Il est grand temps d’attirer l’Industrial Foreign Investment, pour qu’il y ait de véritables industries qui s’installent. «Pour cela, nous suivons avec intérêt le projet Jin Fei qui, à notre avis, saura attirer ces nouvelles sections telles que l’ingénierie légère. Il y a eu des mesures incitatives très importantes annoncées dans le Budget 2017-2018, comme le Corporate Tax Rebate. Cela prendra du temps pour capitaliser sur ces mesures et développer le secteur de l’exportation. Il faut, a minima, compter deux ou trois ans avant que la mise en application de ces mesures ne porte ses fruits.»
Entre-temps, les défis à relever sont de continuer à développer le High quality manufacturing market. «Mais pour que cela soit un pari gagnant, il faut absolument booster et mettre en oeuvre le concept de Speed to market, notamment, via des livraisons aériennes.
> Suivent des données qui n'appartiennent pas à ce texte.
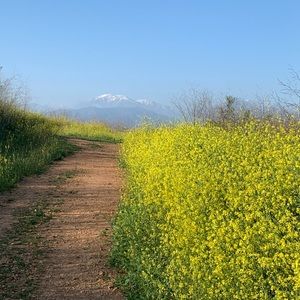 Meet your Posher, April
Ainsi, la rapidité de livraison des produits entraînera la production et l’exportation vers le haut.»
Ce sont de telles mesures qui permettront aux petites et moyennes entreprises (PME) et compagnies manufacturières à vocation locale de se développer. Et notamment d’avoir une réelle politique d’exportation régionale.
Pour qu’il y ait du renouveau et de l’innovation, il faut porter le jeune entrepreneuriat, comme c’est le cas en Amérique. Et aussi faire matière de réflexion et de prévision en ce qui concerne la main-d’oeuvre nécessaire pour encourager une PME à se développer. L’entrepreneuriat ne représente qu’environ 10 % de la population active. Il faut une stratégie d’accompagnement entre quatre et cinq ans pour qu’une PME puisse enfin voler de ses propres ailes et venir renforcer le secteur de l’exportation régionale et mondiale.
«À la MEXA, nous serons force de proposition afin de réellement repenser le secteur en profondeur. Il est temps de relancer le secteur manufacturier, à l’échelle industrielle, et de donner un nouveau visage à l’exportation pour le bien de notre économie sur le long terme.»